Şehitler Mahallesi’ndeki eski dostlarını, arkadaşlarını, komşularını sordu. Derin nefes alıp bıraktıktan sonra,“Erzurum’u seviyorum. Erzurumluyu seviyorum. Zannetmeki burada mutluyum dadaş. Gurbet elde hasret yakar canımı” diye konuştu. Hıfzullah eniştem, dernek görevlisinden bize üç limonlu çay söyledi. Reyhani Usta’nın çayı açık ve limonluydu. Kıtlama şekerle çaylarımızı yudumlarken Reyhani kırlaşmış sakalını sağ elinin içiyle birkaç kez sıvazlayıp, “Dertliysen derdini dertsize söyleme. Aşık gurbet insanıdır. Ben Erzurumlu Emrah’tan büyük aşık mıyım ki gurbete gitmeyeyim. Aşığın sazı, sözü, ruhu ve bedeni gurbet yazgılıdır. Gurbet ruhların kevser başındaki secdesidir, duasıdır.”  dedi.

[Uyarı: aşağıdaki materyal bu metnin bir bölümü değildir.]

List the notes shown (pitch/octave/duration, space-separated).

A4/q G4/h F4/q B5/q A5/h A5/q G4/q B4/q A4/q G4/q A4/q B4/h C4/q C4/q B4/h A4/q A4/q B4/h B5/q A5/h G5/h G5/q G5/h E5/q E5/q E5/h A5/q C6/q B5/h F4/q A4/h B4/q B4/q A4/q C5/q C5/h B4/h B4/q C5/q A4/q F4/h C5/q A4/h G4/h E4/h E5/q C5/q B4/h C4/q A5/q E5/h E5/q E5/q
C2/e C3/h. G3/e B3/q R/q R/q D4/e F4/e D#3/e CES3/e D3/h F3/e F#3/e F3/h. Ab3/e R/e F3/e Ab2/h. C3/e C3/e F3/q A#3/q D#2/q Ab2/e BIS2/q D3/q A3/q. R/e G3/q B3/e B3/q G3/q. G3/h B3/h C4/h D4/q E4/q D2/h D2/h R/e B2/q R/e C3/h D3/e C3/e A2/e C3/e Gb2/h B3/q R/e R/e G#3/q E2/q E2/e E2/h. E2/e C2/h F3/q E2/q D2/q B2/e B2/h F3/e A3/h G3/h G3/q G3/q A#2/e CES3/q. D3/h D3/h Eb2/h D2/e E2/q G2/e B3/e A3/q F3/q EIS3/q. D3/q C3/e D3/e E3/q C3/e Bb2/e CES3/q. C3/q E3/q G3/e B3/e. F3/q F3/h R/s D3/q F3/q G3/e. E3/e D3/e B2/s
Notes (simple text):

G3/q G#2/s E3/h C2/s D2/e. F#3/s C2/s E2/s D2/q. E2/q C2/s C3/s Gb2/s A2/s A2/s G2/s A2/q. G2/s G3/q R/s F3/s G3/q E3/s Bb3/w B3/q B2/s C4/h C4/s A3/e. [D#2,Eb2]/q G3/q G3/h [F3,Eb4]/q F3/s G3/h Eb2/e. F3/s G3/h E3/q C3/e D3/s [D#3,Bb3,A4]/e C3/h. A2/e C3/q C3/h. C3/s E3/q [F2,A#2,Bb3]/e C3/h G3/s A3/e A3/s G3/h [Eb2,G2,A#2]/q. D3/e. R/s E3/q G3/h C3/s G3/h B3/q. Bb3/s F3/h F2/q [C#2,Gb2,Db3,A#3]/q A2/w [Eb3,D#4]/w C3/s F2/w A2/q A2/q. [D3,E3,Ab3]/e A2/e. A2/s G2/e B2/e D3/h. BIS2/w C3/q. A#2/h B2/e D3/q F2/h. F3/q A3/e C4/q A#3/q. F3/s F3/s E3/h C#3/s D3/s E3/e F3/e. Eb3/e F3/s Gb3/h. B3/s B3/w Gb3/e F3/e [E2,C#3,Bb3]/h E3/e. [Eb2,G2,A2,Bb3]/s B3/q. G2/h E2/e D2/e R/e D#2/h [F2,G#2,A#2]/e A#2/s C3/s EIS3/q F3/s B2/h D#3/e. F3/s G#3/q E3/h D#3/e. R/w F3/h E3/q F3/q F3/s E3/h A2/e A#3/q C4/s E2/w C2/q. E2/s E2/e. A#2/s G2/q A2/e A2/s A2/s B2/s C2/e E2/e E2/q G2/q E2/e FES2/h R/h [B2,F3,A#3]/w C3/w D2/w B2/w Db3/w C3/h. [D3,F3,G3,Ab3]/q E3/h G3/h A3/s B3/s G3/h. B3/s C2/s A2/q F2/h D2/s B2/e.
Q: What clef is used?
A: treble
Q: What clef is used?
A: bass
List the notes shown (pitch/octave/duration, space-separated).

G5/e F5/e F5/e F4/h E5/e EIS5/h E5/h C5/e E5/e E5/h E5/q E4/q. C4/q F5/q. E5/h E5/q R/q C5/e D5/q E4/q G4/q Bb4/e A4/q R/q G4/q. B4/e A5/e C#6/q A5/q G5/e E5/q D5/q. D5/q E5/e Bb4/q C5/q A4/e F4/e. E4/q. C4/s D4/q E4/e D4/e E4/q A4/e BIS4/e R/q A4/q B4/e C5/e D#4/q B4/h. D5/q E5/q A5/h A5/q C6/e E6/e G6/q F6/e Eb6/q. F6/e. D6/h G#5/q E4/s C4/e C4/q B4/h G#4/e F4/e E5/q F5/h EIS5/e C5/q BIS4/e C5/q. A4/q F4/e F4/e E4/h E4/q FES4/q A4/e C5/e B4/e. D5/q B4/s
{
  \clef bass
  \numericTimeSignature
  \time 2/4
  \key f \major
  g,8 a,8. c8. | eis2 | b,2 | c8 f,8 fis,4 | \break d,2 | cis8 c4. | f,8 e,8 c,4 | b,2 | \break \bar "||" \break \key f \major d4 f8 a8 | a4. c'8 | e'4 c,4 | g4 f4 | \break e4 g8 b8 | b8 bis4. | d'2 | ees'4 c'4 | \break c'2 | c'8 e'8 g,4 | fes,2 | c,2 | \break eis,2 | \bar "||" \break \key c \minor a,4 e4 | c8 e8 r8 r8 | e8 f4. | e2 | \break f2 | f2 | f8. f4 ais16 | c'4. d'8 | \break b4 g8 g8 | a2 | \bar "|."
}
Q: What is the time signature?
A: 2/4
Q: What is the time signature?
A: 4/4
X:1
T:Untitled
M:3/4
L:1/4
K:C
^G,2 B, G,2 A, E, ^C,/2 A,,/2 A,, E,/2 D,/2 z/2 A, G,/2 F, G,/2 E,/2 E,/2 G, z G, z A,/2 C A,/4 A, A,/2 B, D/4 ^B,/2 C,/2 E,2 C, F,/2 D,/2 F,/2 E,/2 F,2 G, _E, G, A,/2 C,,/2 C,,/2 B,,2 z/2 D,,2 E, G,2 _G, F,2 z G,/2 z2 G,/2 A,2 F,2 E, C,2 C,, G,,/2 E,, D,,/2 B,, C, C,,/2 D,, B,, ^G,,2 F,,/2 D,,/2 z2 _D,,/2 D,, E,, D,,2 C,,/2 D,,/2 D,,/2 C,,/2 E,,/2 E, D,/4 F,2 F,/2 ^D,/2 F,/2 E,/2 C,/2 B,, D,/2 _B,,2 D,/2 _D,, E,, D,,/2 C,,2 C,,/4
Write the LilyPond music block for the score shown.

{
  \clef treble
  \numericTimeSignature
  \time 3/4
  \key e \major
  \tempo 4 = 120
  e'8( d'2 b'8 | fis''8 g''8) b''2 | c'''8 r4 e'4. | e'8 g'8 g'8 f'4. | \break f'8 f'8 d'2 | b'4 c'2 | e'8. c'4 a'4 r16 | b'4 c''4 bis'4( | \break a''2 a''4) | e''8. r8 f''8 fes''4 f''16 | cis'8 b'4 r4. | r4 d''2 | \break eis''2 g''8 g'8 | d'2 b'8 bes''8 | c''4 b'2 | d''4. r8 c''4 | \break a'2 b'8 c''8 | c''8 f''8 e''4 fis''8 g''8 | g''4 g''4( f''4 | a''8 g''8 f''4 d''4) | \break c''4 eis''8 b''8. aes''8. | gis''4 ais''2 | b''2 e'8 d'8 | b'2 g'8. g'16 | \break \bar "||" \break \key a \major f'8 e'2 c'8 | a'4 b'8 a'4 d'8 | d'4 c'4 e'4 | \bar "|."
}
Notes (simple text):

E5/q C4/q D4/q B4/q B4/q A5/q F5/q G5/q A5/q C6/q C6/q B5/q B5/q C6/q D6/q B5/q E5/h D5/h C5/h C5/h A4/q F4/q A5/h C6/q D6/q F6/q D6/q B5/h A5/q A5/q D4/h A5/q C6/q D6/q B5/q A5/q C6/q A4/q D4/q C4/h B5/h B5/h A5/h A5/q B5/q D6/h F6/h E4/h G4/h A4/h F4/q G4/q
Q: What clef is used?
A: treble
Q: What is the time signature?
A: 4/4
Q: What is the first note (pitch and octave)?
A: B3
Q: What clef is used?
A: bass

‘Erzurum’dan göç’ şiirinin hemşehrilerini üzüp, kızdırdığını söylemem üzerine, Hıfzullah eniştem, “Konuyu değiştirelim. Ozanımızı üzmeyelim.” diye araya girdi. Sevdiklerine ‘Gardaş’ diyerek hetap etmeyi seven koca halk aşığı, gözlerini gözlerime çevirerek, “Gardaş, elli yıldır beklediğim ekini harmana dökmeden yaktım gidirem”i neden yazdığımı yani Erzurum’dan göç şiirimi soruyorsun. Sormakta haklısın. Karşılaştığım, konuştuğum herkes Erzurum’a neden küstüğümü ve göç şiirimi soruyor? Neden, Bursa’ya göç ettiğimi merak ediyor. Gardaş, şiirimde de belirttiğim gibi Erzurum’u ve Erzurumluları çok seviyorum. Kimseye küsmedim. Erzurum’u mücbir nedenlerle terk edip gurbet kelepçesini kollarına takanların sesi olmak istedim. Aşık gönlü dertli olur. Bak elli yıllık kırık sazım, evimin duvarında asılı kaldı. Doğduğu toprakta ölene, gurbet akşamlarında deyiş söylemeyene aşık denmez. Ozanlar gurbet bulutudur.” Sustu. Çayından bir yudum aldı. Gözünden yaşlar döküldü.  Çok sevdiği turnaların kanatlarına takılıp geçmişe dönüyorcasına sözüne kaldığı yerden devam ederek, “Gurbet nazlı sevgili gibi çağırıyordu. Davete icap etmemek olmazdı. Mayamda, harcımda Erzurum’un havasının, toprağının, suyunun kokusu var. İnsan anasına, toprağına küser mi? Hiç küstüğü toprağa defnedilmek ister mi? O toprak eli kınalı sevgilinin yüreğidir, bağrıdır. Ayrılıklar kavuşmak içindir. Erzurum’un sert rüzgârı, havası, suyu, sevdası, hülyası, ahh… o ölümsüz ‘bar şiiri’ ruhumda, sazımda, sözümde nasıl yer etti kimse bilemez. Abdurrahman Gazi ile Alvarlı Efe Hazretleri’nin hasreti yüreğimde yaralı bir turna. Nef’i, Emrah ve Sümmani sözlerimde, dualarımdayken küsmek olur mu kilidi mülki islamın şehrine. Emri hak vaki olduğunda, sazımı, şiirlerimi, yavrularımı yetim bıraktığımda vasiyetimdir Erzurum’da Abdurrahman Gazi türbesini gören kabristana defnedilmek. Dostların, aşıkların kavuşması gurbette değil, toprakta olur. Mısralarım, sazım, çocuklarım yetim kalacak ama bu millet hiçbir zaman ozansız kalmayacak.” Yine sustu. Gözyaşlarına hakim olmakla zorlanıyordu. Ceketinin cebinden çıkardığı katlanmış kareli beyaz mendili ile gözyaşlarını sildi koca Aşık Yaşar Reyhani.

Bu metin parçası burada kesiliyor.